Good q. The method computes Hessian-inverse on a batch. When people say "Newton's method" they're often thinking H^{-1} g, where both the Hessian and the gradient g are on the full dataset. I thought saying "preconditioner" instead of "Newton's method" would make it clear this is solving H^{-1} g on a batch, not on the full dataset.
Just a heads up in case you didn't know, taking the Hessian over batches is indeed referred to as Stochastic Newton, and methods of this kind have been studied for quite some time. Inverting the Hessian is often done with CG, which tends to work pretty well. The only problem is that the Hessian is often not invertible so you need a regularizer (same as here I believe).

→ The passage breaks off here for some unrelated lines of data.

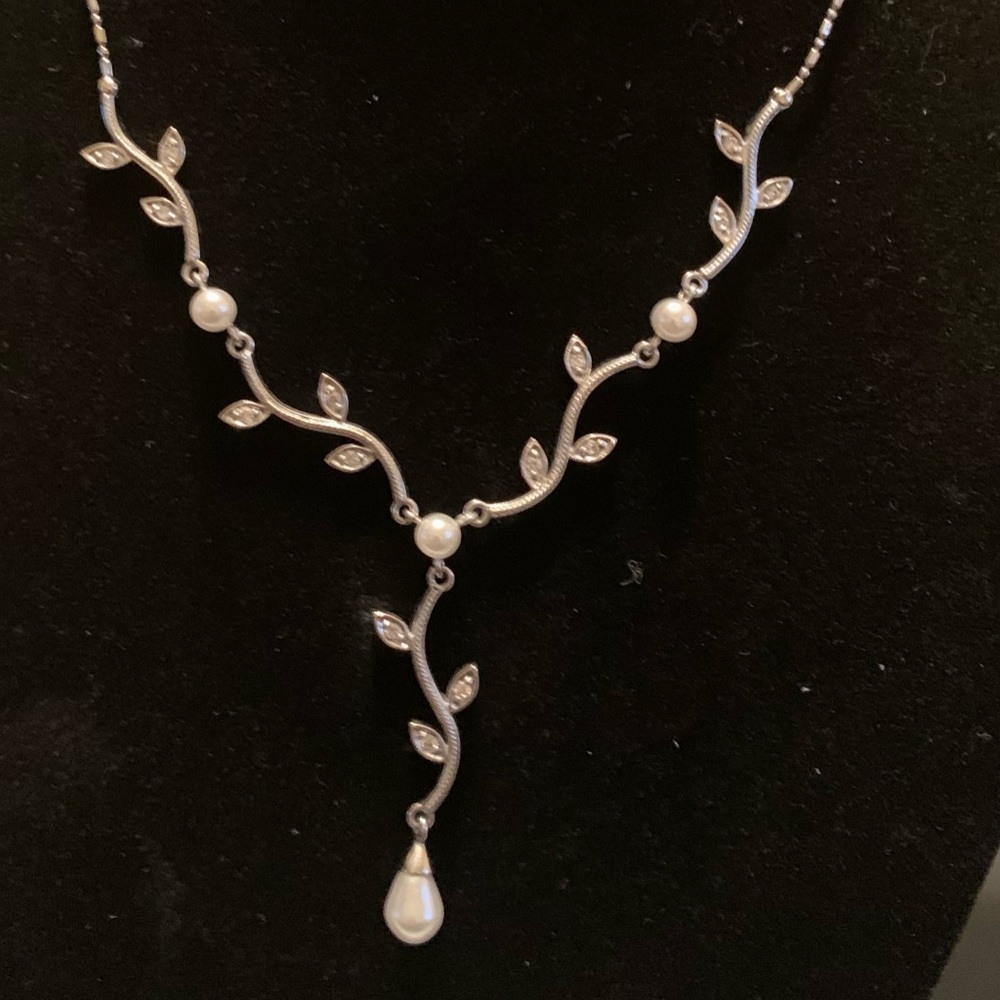 Silver vine inspired necklace pearl teardrop white
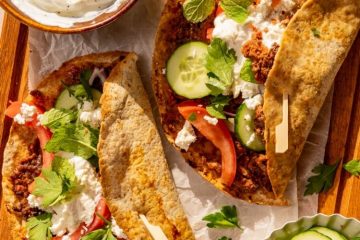 Turkse pizza gemaakt van tortilla's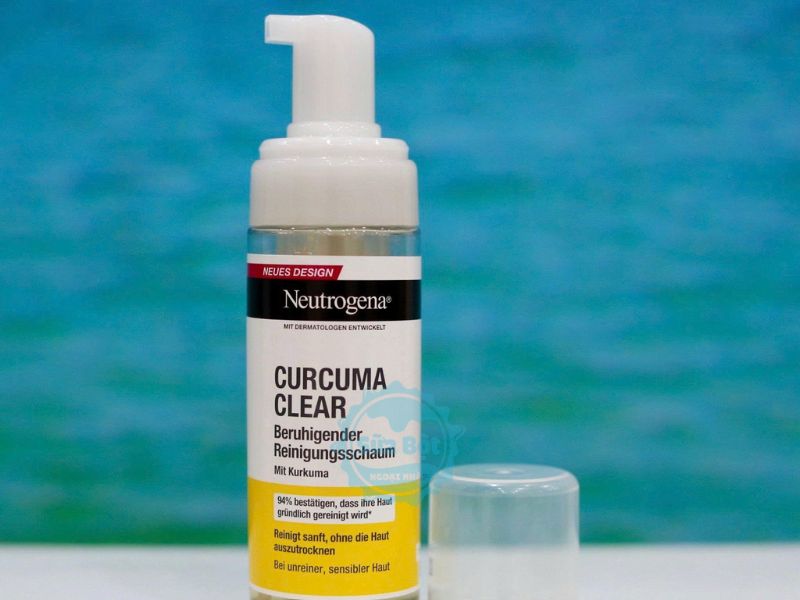 Sữa rửa mặt nghệ Neutrogena Calme Curcuma 150ml lấy lượng phù hợp tạo bọt và massage trên da mặt đã làm ướt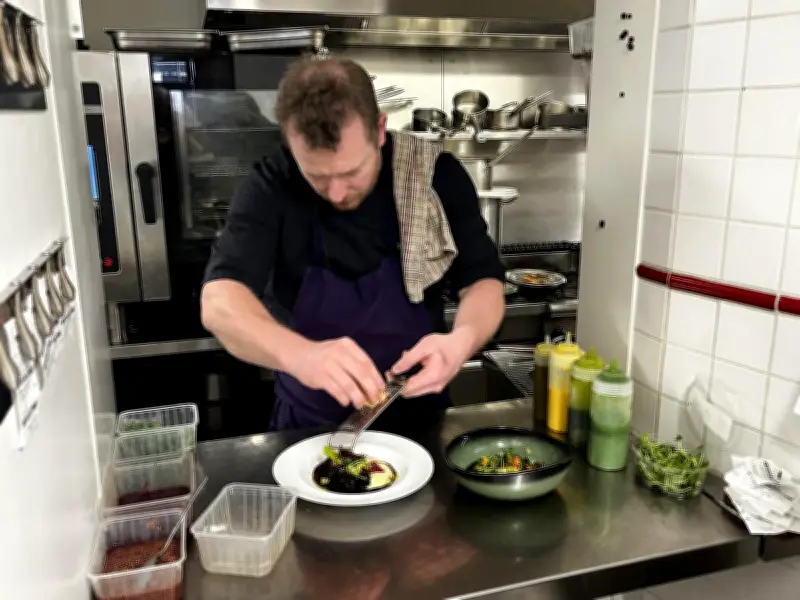 Le restaurant Omnivore à Pau décroche un Bib Gourmand Michelin, une reconnaissance qui bouleverse son quotidien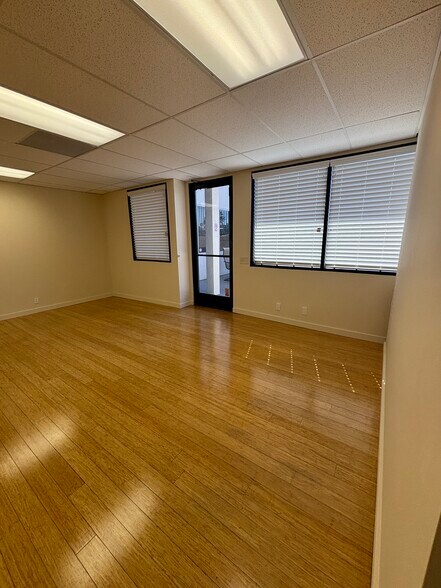 More Photos Of 11336 Camarillo St, Toluca Lake Office For Sale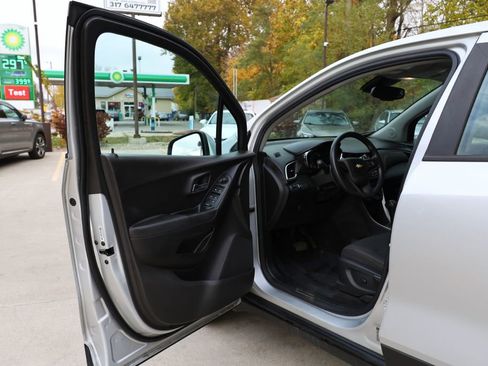 Used 2017 Chevrolet Trax LS FWD image 9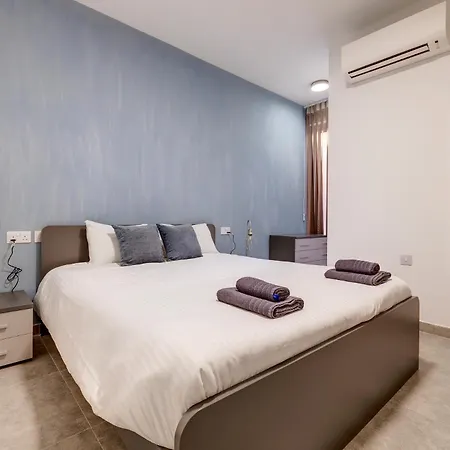 Urban Oasis 3Br Duplex In A Prime Location San Gwann Exterior photo
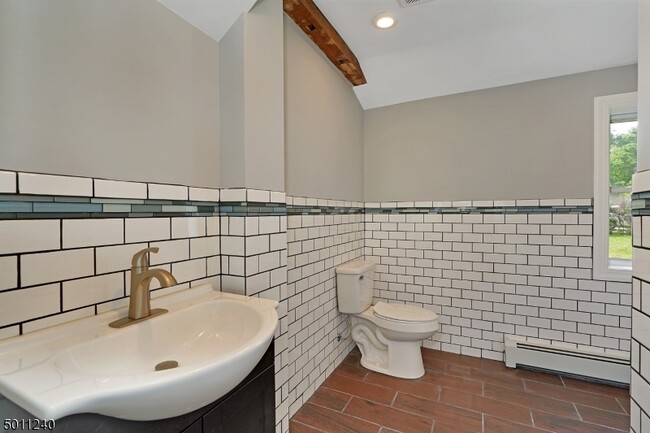 Building Photo - 619 S Main St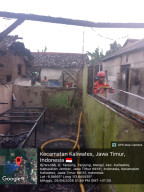 Kebakaran Hebat di Permukiman Padat Mangli Jember, Api Merembet ke Tiga Rumah Warga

Newton methods work at scale, but no-one with the resources to try them at scale seems to be aware of them.
It's an interesting trick though, so I'd be curious to see how it compares to CG.
[1] https://arxiv.org/abs/2204.09266 [2] https://arxiv.org/abs/1601.04737 [3] https://pytorch-minimize.readthedocs.io/en/latest/api/minimi...
For solving physics equations there is also Jacobian-free Newton-Krylov methods.
Yes the combination of Krylov and quasi-Newton methods are very successful for physics problems (https://en.wikipedia.org/wiki/Quasi-Newton_method).
Iirc eg GMRES is a popular Krylov subspace method.
I lately used these methods and BFGS worked better than CG for me.
Absolutely plausible (BFGS is awesome), but this is situation dependent (no free lunch and all that). In the context of training neural networks, it gets even more complicated when one takes implicit regularisation coming from the optimizer into account. It's often worthwhile to try a SGD-type optimizer, BFGS, and a Newton variant to see which type works best for a particular problem.
I'd call it "Stochastic Newton's Method" then. :-)
fair. thanks. i'll sleep on it and update the paper if it still sounds right tomorrow.
probably my nomenclature bias is that i started this project as a way to find new preconditioners on deep nets.